▶ **Task**
Each line below should be quoted exactly, please.

----------------

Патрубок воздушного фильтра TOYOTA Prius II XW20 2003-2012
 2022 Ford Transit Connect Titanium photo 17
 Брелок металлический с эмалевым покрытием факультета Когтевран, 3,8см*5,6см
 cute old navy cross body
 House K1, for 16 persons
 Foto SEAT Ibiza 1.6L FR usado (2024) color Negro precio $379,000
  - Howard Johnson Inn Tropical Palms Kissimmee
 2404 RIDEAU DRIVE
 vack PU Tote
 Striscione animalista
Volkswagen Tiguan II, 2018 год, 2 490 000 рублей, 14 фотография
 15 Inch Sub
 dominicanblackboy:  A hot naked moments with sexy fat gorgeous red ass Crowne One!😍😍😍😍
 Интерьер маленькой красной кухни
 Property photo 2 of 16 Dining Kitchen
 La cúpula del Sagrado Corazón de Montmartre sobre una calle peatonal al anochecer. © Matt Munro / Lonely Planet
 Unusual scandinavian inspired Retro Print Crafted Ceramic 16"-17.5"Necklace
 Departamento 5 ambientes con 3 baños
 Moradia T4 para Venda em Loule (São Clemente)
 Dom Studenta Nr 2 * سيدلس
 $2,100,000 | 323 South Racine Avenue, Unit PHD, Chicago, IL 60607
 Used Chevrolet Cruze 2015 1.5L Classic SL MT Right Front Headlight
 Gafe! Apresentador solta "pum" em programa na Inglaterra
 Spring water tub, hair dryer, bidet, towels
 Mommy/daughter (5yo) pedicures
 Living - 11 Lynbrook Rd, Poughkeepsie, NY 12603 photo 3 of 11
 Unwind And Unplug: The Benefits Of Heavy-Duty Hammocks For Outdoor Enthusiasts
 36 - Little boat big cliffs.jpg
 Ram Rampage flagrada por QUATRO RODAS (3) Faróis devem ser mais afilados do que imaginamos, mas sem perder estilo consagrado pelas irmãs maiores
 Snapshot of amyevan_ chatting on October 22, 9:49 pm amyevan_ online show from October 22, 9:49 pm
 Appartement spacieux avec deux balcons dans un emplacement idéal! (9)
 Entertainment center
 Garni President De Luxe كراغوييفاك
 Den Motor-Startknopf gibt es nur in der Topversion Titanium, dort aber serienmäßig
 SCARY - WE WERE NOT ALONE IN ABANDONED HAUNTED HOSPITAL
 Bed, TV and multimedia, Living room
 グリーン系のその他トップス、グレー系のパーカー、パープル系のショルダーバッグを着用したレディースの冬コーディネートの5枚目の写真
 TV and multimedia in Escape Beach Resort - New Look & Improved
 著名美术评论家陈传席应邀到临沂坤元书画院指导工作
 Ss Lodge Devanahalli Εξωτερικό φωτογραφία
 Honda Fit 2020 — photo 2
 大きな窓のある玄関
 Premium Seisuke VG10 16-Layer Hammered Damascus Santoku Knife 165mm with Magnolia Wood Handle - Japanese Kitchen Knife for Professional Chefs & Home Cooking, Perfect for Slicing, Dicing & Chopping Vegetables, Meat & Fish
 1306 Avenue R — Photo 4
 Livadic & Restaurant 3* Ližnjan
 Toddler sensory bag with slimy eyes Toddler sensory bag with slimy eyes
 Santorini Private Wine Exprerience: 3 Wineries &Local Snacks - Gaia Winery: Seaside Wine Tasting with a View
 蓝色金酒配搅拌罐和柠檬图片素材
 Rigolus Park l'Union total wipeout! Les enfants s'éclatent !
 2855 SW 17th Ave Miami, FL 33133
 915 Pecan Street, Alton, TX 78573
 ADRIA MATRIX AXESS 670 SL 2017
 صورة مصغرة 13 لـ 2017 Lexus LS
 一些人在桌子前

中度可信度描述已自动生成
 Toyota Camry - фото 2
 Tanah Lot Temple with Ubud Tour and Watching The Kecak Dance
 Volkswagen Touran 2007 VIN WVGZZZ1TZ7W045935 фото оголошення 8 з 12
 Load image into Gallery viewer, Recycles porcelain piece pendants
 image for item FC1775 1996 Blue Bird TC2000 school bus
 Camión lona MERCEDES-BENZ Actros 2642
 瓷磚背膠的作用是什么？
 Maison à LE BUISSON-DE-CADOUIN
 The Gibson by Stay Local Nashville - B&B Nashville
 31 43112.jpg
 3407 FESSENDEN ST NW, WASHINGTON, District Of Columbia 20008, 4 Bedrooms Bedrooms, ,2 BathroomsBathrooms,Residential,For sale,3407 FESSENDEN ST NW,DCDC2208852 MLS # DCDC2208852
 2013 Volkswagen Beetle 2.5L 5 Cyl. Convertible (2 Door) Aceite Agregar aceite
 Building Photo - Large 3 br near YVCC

----------------

▶ **Answer space**
Патрубок воздушного фильтра TOYOTA Prius II XW20 2003-2012
 2022 Ford Transit Connect Titanium photo 17
 Брелок металлический с эмалевым покрытием факультета Когтевран, 3,8см*5,6см
 cute old navy cross body
 House K1, for 16 persons
 Foto SEAT Ibiza 1.6L FR usado (2024) color Negro precio $379,000
  - Howard Johnson Inn Tropical Palms Kissimmee
 2404 RIDEAU DRIVE
 vack PU Tote
 Striscione animalista
Volkswagen Tiguan II, 2018 год, 2 490 000 рублей, 14 фотография
 15 Inch Sub
 dominicanblackboy:  A hot naked moments with sexy fat gorgeous red ass Crowne One!😍😍😍😍
 Интерьер маленькой красной кухни
 Property photo 2 of 16 Dining Kitchen
 La cúpula del Sagrado Corazón de Montmartre sobre una calle peatonal al anochecer. © Matt Munro / Lonely Planet
 Unusual scandinavian inspired Retro Print Crafted Ceramic 16"-17.5"Necklace
 Departamento 5 ambientes con 3 baños
 Moradia T4 para Venda em Loule (São Clemente)
 Dom Studenta Nr 2 * سيدلس
 $2,100,000 | 323 South Racine Avenue, Unit PHD, Chicago, IL 60607
 Used Chevrolet Cruze 2015 1.5L Classic SL MT Right Front Headlight
 Gafe! Apresentador solta "pum" em programa na Inglaterra
 Spring water tub, hair dryer, bidet, towels
 Mommy/daughter (5yo) pedicures
 Living - 11 Lynbrook Rd, Poughkeepsie, NY 12603 photo 3 of 11
 Unwind And Unplug: The Benefits Of Heavy-Duty Hammocks For Outdoor Enthusiasts
 36 - Little boat big cliffs.jpg
 Ram Rampage flagrada por QUATRO RODAS (3) Faróis devem ser mais afilados do que imaginamos, mas sem perder estilo consagrado pelas irmãs maiores
 Snapshot of amyevan_ chatting on October 22, 9:49 pm amyevan_ online show from October 22, 9:49 pm
 Appartement spacieux avec deux balcons dans un emplacement idéal! (9)
 Entertainment center
 Garni President De Luxe كراغوييفاك
 Den Motor-Startknopf gibt es nur in der Topversion Titanium, dort aber serienmäßig
 SCARY - WE WERE NOT ALONE IN ABANDONED HAUNTED HOSPITAL
 Bed, TV and multimedia, Living room
 グリーン系のその他トップス、グレー系のパーカー、パープル系のショルダーバッグを着用したレディースの冬コーディネートの5枚目の写真
 TV and multimedia in Escape Beach Resort - New Look & Improved
 著名美术评论家陈传席应邀到临沂坤元书画院指导工作
 Ss Lodge Devanahalli Εξωτερικό φωτογραφία
 Honda Fit 2020 — photo 2
 大きな窓のある玄関
 Premium Seisuke VG10 16-Layer Hammered Damascus Santoku Knife 165mm with Magnolia Wood Handle - Japanese Kitchen Knife for Professional Chefs & Home Cooking, Perfect for Slicing, Dicing & Chopping Vegetables, Meat & Fish
 1306 Avenue R — Photo 4
 Livadic & Restaurant 3* Ližnjan
 Toddler sensory bag with slimy eyes Toddler sensory bag with slimy eyes
 Santorini Private Wine Exprerience: 3 Wineries &Local Snacks - Gaia Winery: Seaside Wine Tasting with a View
 蓝色金酒配搅拌罐和柠檬图片素材
 Rigolus Park l'Union total wipeout! Les enfants s'éclatent !
 2855 SW 17th Ave Miami, FL 33133
 915 Pecan Street, Alton, TX 78573
 ADRIA MATRIX AXESS 670 SL 2017
 صورة مصغرة 13 لـ 2017 Lexus LS
 一些人在桌子前

中度可信度描述已自动生成
 Toyota Camry - фото 2
 Tanah Lot Temple with Ubud Tour and Watching The Kecak Dance
 Volkswagen Touran 2007 VIN WVGZZZ1TZ7W045935 фото оголошення 8 з 12
 Load image into Gallery viewer, Recycles porcelain piece pendants
 image for item FC1775 1996 Blue Bird TC2000 school bus
 Camión lona MERCEDES-BENZ Actros 2642
 瓷磚背膠的作用是什么？
 Maison à LE BUISSON-DE-CADOUIN
 The Gibson by Stay Local Nashville - B&B Nashville
 31 43112.jpg
 3407 FESSENDEN ST NW, WASHINGTON, District Of Columbia 20008, 4 Bedrooms Bedrooms, ,2 BathroomsBathrooms,Residential,For sale,3407 FESSENDEN ST NW,DCDC2208852 MLS # DCDC2208852
 2013 Volkswagen Beetle 2.5L 5 Cyl. Convertible (2 Door) Aceite Agregar aceite
 Building Photo - Large 3 br near YVCC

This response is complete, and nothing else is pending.